Is it necessary to disable gradient computation in fine-tuning?

Hey.

Generally, when we fine-tune a classifier by keeping a pre-trained model as a feature-extractor only, we set the requires_grad = False for the pre-trained block and only train the newly added FC layer.
For eg., see the code snippet below:-

# Setting up the model
# Note that the parameters of imported models are set to requires_grad=True by default

res_mod = models.resnet34(pretrained=True)
for param in res_mod.parameters():
    param.requires_grad = False

num_ftrs = res_mod.fc.in_features
res_mod.fc = nn.Linear(num_ftrs, 2)

res_mod = res_mod.to(device)
criterion = nn.CrossEntropyLoss()

# Here's another change: instead of all parameters being optimized
# only the params of the final layers are being optimized

optimizer_ft = optim.SGD(res_mod.fc.parameters(), lr=0.001, momentum=0.9)

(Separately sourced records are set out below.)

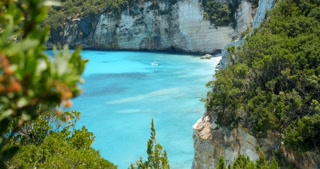 Hidden bay on island in greece blue sea and rocky shore summer vacation europe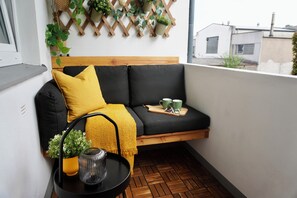 A balcony with a wooden bench, a small table with a plant, and a wall-mounted plant rack. - Chez Marie - cozy apartment in a quiet, central location in Bochum (Bochum)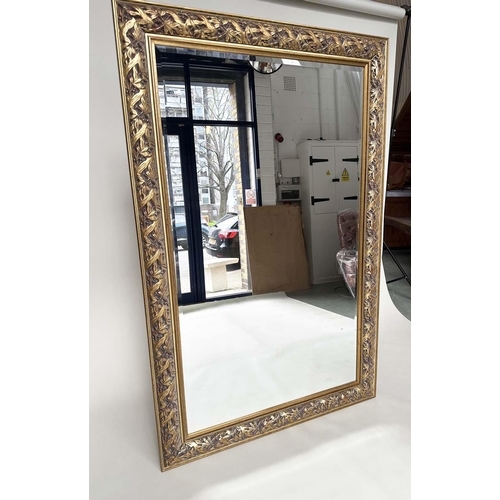 266 - WALL MIRROR, rectangular gilt composition with pierced foliate frame, 176cm H x 114cm.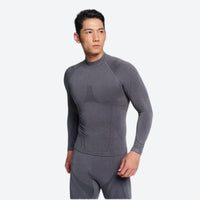 
                  
                    Warm merino wool baselayer suit for snow sports - gray merino compression base layer suit on men, for cold-weather training
                  
                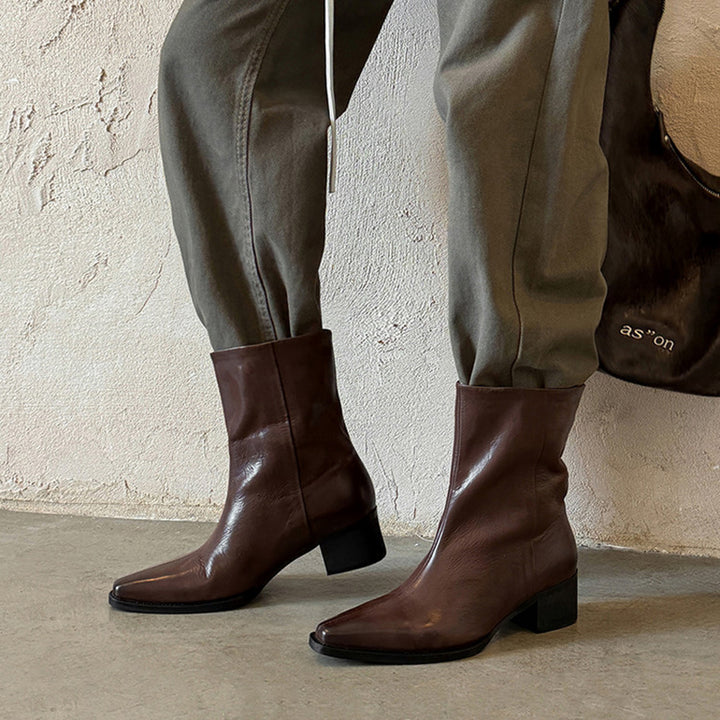 Bottes de cheville à bout pointu en cuir de mouton pour femmes en noir/marron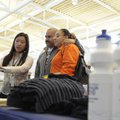 Tham Vo, left, with the U.S. Census Bureau, takes a picture of Juan Carlos Ocamas and Celia Ocamas d...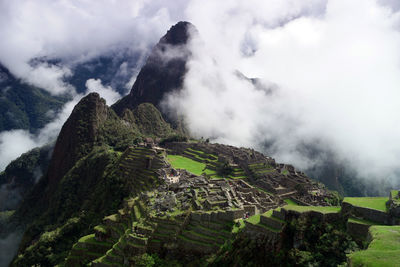 Aerial view of old ruins on mountain against cloudy sky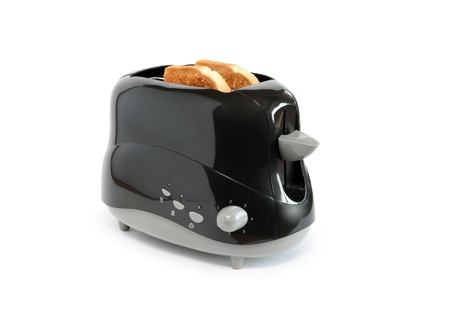Two toasts inside black toaster on white background.の写真素材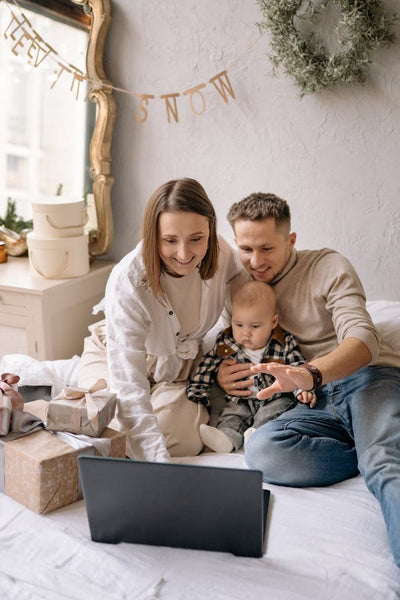 young family video conferencing with distant relatives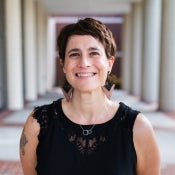 Courtesy photo of new faculty member Angela Rounsaville, who wears a black top and dramatic earrings while standing in a  colonnade.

exp_lr_scheduler = lr_scheduler.StepLR(optimizer_ft, step_size=7, gamma=0.1)

My question is, is it necessary to set requires_grad=False in fine-tuning because we are anyways specifying the parameters in optimizer_ft which needs to update i.e. the last FC layer params?

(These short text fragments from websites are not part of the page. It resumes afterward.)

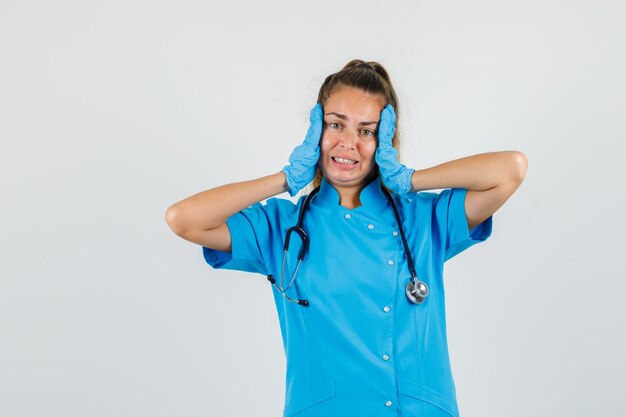 Female doctor touching face with hands in blue uniform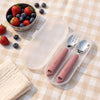 Cubkins raspberry 304 steel toddler spoon and fork in an open frosted travel case on a picnic blanket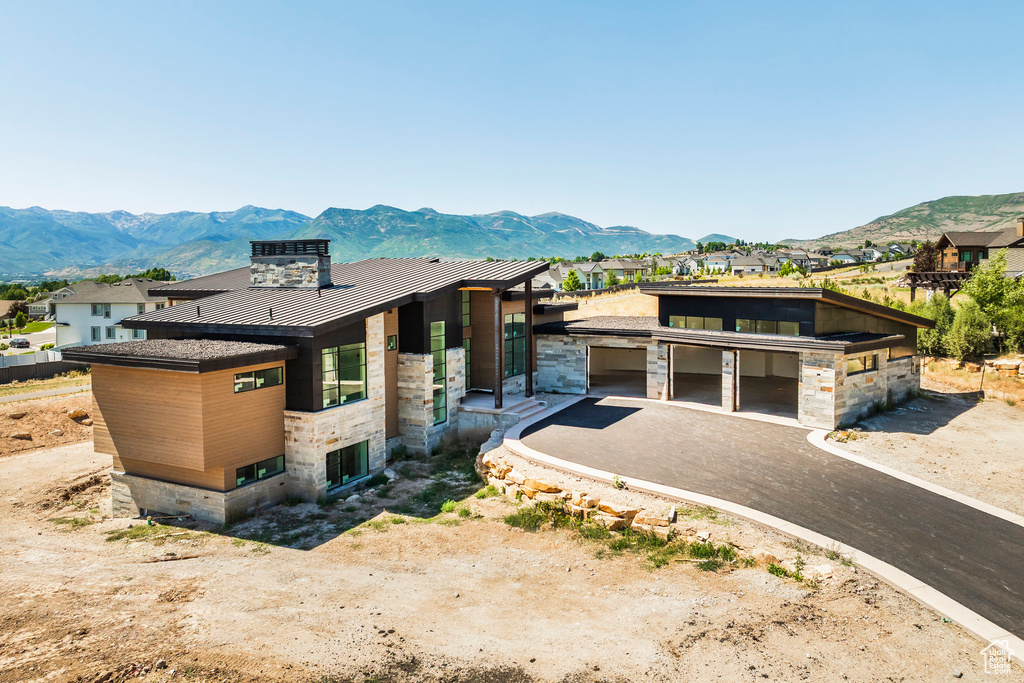 Modern home with a standing seam roof, stone siding, a metal roof, a mountain view, and asphalt driveway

I know it will be a computational disaster and shouldn’t be done this way, but I am just asking out of curiosity.

are you trying to freeze a pre trained net and train an FC layer for, say, classification? so the net gives you features it learned elsewhere and FC learns the classification task?
fine tuning includes re-train to a model that is pre-trained, you should not freeze a model if you would like to fine tune it

I am asking if its “necessary” to do:-

for param in res_mod.parameters():
    param.requires_grad = False

if I want to “freeze” a part of a model. According to what I know, if we do this:-

optimizer_ft = optim.SGD(res_mod.fc.parameters(), lr=0.001, momentum=0.9)

then also we are only updating the weights of the ‘FC’ layer(or any other layer for that matter) and not the rest of the model. But yes, I agree it will be computationally expensive. I am asking this just to check if my understanding of how the optimizers in PyTorch work is correct or not.